30. Pursuant to D.99-10-057, three months prior to the anticipated date the rate freeze will end, or no later than September of 2001, PG&E and Edison must file advice letters informing the Commission and parties of the expected end of the rate freeze. These advice letter filings must include all necessary tariff language and preliminary statements using the four PX price forecast scenarios described in D.99-10-057.
31. In order to promote timely rate changes, we also required PG&E and Edison to file a supplement to this advice letter five days following the date upon which all the criteria for ending the rate freeze have been satisfied. The filing is to provide the actual rates to be implemented after the rate freeze and the ratemaking mechanisms authorized by D.99-10-057 and this order. Due to rate unbundling and the many ratemaking proceedings before the Commission, rates have and will continue to diverge from those in effect when rate were frozen on June 10, 1996. These advice letters will serve to notify parties and this Commission of the end of the rate freeze for PG&E and Edison.
32. At the end of the transition period, effective April 1, 2002, the mandatory buy requirement for UDCs should be eliminated.
33. A post-rate freeze continuation of allocating costs in a manner based on bundled rates is inconsistent with current ratemaking policies. It is inappropriate to continue the EPMC or SAPC methodology to allocate ongoing transition costs because those methodologies are derived from outdated bundled ratemaking methodologies.
34. Transition costs are most appropriately assigned to the generation function. Such a functionalization of costs is consistent with the Commission policy of rate unbundling and cost functionalization.
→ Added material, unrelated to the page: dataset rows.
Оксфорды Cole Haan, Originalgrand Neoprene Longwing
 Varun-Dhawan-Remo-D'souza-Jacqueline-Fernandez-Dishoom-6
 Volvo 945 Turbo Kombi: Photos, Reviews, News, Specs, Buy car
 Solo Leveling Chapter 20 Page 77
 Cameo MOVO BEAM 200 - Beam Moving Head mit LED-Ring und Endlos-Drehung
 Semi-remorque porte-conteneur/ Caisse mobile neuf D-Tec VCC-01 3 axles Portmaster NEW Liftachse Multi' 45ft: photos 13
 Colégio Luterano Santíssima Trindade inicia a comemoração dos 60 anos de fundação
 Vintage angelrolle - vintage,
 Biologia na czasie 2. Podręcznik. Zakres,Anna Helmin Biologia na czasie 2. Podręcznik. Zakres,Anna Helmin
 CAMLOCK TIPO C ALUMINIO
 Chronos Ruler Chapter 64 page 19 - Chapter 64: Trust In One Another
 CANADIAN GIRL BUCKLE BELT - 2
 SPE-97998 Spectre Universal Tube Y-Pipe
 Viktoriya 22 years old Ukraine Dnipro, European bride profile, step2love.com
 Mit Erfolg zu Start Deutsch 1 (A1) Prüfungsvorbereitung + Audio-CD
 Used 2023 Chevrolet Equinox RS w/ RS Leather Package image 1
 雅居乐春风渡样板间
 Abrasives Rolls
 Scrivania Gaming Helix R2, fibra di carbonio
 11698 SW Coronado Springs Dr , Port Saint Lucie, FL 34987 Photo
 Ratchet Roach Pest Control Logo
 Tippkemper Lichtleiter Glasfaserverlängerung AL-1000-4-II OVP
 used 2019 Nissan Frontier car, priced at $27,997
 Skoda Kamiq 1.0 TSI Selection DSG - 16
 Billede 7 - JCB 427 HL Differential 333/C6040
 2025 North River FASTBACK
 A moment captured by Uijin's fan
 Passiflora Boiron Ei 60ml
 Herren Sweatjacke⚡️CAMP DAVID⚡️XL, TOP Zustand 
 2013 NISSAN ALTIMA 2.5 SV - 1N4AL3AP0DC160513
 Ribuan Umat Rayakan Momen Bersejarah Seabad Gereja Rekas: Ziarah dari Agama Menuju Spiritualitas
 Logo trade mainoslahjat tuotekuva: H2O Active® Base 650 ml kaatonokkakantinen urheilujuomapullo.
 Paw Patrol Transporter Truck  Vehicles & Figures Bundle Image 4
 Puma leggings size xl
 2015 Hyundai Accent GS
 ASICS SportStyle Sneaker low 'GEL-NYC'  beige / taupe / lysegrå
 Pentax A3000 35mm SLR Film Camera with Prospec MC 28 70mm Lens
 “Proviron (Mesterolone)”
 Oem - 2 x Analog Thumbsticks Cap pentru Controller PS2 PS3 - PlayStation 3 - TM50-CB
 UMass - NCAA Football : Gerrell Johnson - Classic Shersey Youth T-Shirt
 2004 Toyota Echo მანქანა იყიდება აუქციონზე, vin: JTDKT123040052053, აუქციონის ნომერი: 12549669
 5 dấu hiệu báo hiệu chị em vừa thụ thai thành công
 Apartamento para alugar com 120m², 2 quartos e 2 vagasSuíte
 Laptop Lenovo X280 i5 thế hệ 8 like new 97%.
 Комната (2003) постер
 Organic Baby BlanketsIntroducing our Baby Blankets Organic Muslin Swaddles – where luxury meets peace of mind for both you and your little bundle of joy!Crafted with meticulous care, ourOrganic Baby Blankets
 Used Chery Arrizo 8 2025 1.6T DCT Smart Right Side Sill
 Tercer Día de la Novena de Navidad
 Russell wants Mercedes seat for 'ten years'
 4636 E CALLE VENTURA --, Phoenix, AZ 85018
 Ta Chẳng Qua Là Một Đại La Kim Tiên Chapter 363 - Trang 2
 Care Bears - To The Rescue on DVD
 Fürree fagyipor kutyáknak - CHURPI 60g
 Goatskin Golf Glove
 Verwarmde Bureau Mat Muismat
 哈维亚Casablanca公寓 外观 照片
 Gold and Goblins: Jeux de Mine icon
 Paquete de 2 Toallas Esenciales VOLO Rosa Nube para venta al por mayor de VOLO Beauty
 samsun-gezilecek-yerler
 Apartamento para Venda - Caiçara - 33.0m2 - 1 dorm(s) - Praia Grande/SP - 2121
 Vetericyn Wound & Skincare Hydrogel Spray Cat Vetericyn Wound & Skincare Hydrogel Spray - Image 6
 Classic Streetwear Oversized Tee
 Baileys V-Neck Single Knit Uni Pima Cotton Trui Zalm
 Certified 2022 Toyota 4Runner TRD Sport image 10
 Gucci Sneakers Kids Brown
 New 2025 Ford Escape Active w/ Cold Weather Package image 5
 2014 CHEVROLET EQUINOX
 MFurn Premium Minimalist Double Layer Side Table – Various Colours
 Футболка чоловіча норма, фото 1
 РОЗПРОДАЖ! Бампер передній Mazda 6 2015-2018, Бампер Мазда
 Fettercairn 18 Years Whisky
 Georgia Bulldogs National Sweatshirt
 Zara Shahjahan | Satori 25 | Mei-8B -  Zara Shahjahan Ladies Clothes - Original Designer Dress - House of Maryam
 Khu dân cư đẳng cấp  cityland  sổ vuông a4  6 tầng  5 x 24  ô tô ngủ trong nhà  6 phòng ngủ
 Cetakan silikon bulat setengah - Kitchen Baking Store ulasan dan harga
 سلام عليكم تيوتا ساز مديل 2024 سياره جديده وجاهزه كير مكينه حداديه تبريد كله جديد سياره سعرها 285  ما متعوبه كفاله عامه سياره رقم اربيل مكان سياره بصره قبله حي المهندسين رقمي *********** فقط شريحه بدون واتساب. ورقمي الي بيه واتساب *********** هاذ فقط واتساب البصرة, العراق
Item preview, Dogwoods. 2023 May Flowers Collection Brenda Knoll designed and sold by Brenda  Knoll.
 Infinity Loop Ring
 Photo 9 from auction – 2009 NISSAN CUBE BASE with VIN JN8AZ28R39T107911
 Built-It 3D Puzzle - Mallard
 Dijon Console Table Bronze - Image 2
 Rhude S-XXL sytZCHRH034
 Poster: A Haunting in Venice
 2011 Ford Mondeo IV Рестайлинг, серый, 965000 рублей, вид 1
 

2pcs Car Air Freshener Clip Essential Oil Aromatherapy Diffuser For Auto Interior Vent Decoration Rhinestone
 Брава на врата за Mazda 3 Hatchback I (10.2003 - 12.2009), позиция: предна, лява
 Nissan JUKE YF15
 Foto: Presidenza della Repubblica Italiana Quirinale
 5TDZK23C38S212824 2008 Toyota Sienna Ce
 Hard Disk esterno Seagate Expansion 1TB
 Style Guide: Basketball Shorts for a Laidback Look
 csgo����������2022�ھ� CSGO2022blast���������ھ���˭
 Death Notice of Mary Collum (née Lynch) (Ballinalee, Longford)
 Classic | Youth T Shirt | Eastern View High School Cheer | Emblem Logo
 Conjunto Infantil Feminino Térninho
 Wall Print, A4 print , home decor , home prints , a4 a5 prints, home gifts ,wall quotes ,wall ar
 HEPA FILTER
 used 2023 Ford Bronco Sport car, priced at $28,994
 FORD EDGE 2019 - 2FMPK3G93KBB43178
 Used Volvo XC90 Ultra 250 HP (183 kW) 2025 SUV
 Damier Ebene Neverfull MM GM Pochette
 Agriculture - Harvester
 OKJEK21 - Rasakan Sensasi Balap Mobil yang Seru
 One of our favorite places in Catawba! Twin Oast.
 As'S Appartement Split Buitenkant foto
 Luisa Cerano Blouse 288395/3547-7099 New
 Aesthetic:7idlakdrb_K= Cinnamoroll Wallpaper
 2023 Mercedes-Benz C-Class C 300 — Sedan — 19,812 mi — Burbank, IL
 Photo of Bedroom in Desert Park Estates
35. Neither the EPMC method nor the equal cents per kwh method of allocating transition costs fully take into account the way actual generation costs are incurred by class. The top 100 hours methodology appropriately allocates transition costs based on demand.
36. Restructuring implementation costs are costs resulting from the implementation of direct access, the PX, and the ISO. Treatment of these costs is addressed in Pub. Util. Code § 376.
37. In D.99-06-058, we determined that these costs should be allocated using a SAPC methodology during the rate freeze.
38. The restructuring implementation costs themselves are not recoverable after the rate freeze. Pursuant to § 376, the only costs recoverable are the transition costs that were displaced because of recovery of restructuring implementation costs. These costs should not be singled out from other transition costs for separate treatment, but instead should be allocated according to the same methodology as other ongoing transition costs. Therefore, transition costs displaced because of recovery of restructuring implementation costs should be allocated using the cents-per-kilowatt-hour methodology applied on a system-wide basis.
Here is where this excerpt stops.